On the first day of the Republican National Convention, chaos already has threatened what organizers hoped would be a smooth nomination for Donald Trump. Delegates opposed to Trump’s presidential candidacy pressed convention organizers for a “roll call” vote on the convention rules themselves. Such a vote would require all 2,472 delegates to participate. Republicans opposed to Trump had secured a majority of delegates from at least nine states or territories to force the vote. However, when the chairman called for a voice vote (on whether even to conduct a roll call vote), he concluded that there were more “no” voice votes, thus temporarily stymying the anti-Trump faction.
The fracas was a sign that Republicans will need to work long and hard to repair fractures within the party. “I have never in all my life... seen anything like this,” said Utah Sen. Mike Lee after the commotion on the floor had subsided. “There is no precedent for this and [sic] parliamentary procedure. There is no precedent for this in the rules of the Republican National Convention. We are now in uncharted territory. Somebody owes us an explanation. I have never seen the chair abandoned like that. They vacated the stage entirely.”

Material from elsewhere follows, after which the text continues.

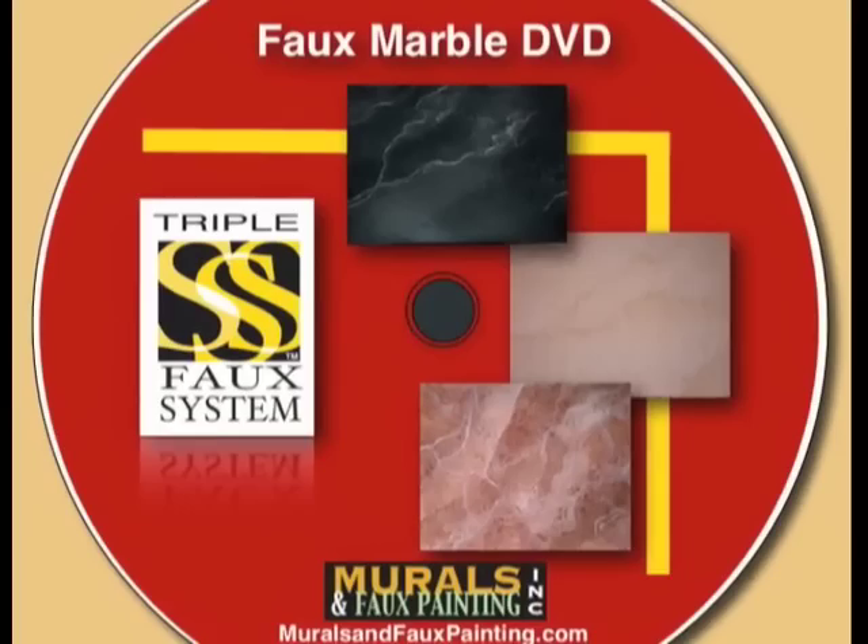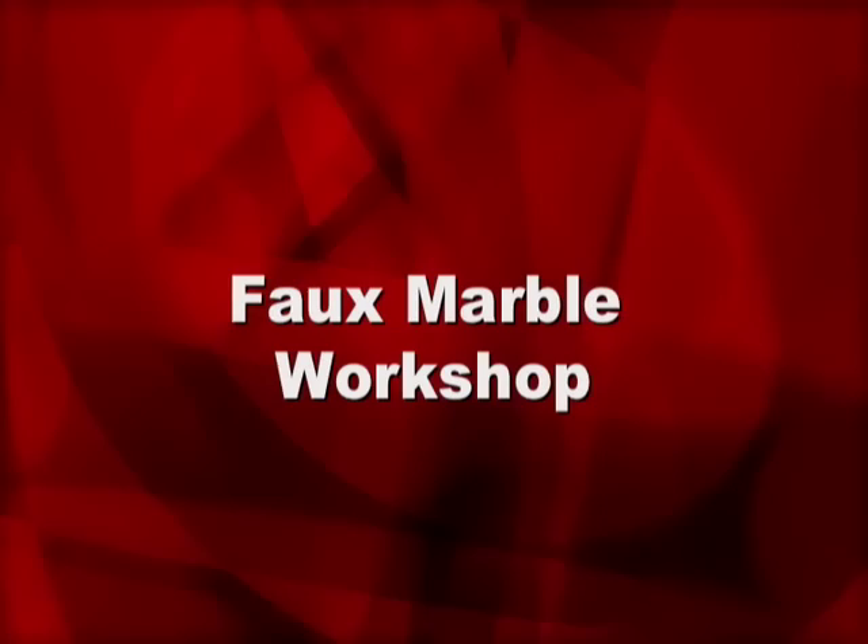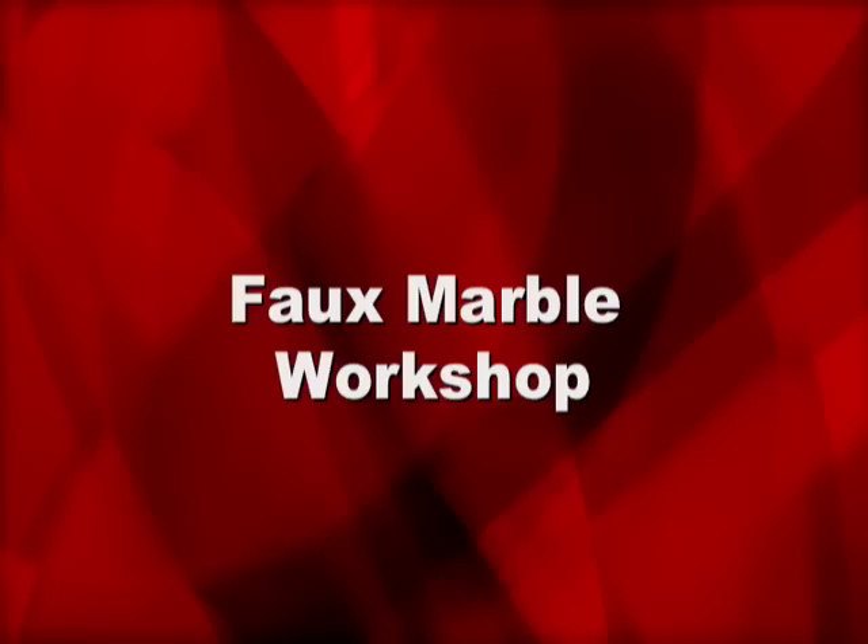Hi! Most of you watching this video know that I'm Sandy Silva, the developer of the Triple S Faux System, and I've made this quick video to let you know that our faux marble DVD is now available for purchase.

The Trump campaign also lashed out at Republicans who have not pledged their support. Trump campaign manager Paul Manafort had harsh words for Ohio Gov. John Kasich, calling his refusal to endorse Trump “petulant.” “You know what, he’s making a big mistake,” Manafort said. “He’s hurting his state and embarrassing his state, frankly. But most of the Republicans who aren’t coming are people who have been part of the past. And people who are part of the future of the Republican Party are, frankly, going to be here participating in the program.”
Kasich’s allies responded quickly to Manafort’s criticism. Chris Schrimpf, a Kasich spokesman, said Ohio “couldn’t be more proud” and that the governor’s approval ratings in the state and among Republicans were at all-time highs. Ohio Republican Party Chairman Matt Borges did not mince words: “Manafort still has a lot to learn about Ohio politics. Doesn’t know what he’s talking about. Hope he can do better."
The convention’s theme was “Make America Safe Again,” and Republican National Committee Chairman Reince Priebus led a moment of silence for fallen police
officers in Dallas, Texas and Baton Rouge, Louisiana. “The men and women who put their lives on the line every day, they are our genuine heroes,” Priebus said. “We want to recognize the families who lost loved ones during these troubling times. Our nation grieves when we see these awful killings.” The shooting deaths have heightened tensions in Cleveland in recent days, drawing protesters who denounce Trump for increasing racial hostilities and advocate for the black Americans killed by police.
For its part, Trump’s campaign has continued to tout its candidate as a champion of law enforcement with a militant stance on immigration. Organizers invited the relatives of people killed by immigrants who entered the country illegally to speak at the convention. Former New York City Mayor Rudolph W. Giuliani likely will weigh in on the recent eruption of violence against law enforcement. Giuliani made headlines last week after referring to the Black Lives Matter movement as “inherently racist.” "I would like people to know that the New York City Police Department is a non-majority white police department," Giuliani said at the time. "I understand the other side of it. I don't mean not to talk about the other side of it ... The American people get a wrong impression and Black Lives Matter, therefore, puts a target on the backs of [police officers]."
A national poll of registered voters conducted by the Monmouth University Polling Institute shows Trump narrowing the gap between him and Hillary Clinton by three points leading into the convention, Trump views the convention as an opportunity to package himself as acceptable to the more skeptical members of the Republican electorate. Public surveys suggest, however, that Trump is very unpopular with female voters in particular. Perhaps that is why headlining testimonial during the convention will come from his wife, Melania, who has played a limited role in his campaign thus far. “The convention is going to offer most people the first chance to form a legitimate opinion about her,’’ says Carl Sferrazza Anthony, historian for the National First Ladies Library in Canton, Ohio, who believes Melania Trump’s role throughout the campaign has been minimal because she reminds social conservatives of the billionaire’s two divorces.
If Trump had any fears the RNC will not conclude with the majority of the party coalescing around his candidacy, he did not show them. In a joint appearance on 60 Minutes with his running mate, Mike Pence, Trump said he had picked Pence because he wanted to promote party unity. “I think it’s very close to unified,” he said. “I think it was much more unified than people thought. You saw that with the recent vote where we won in a landslide. You saw that with the big vote, the primary vote. I think it’s far more unified than the press lets on. But having Gov. Mike Pence has really — people that I wasn’t necessarily liking or getting along [with] are loving this pick, because they have such respect for him.”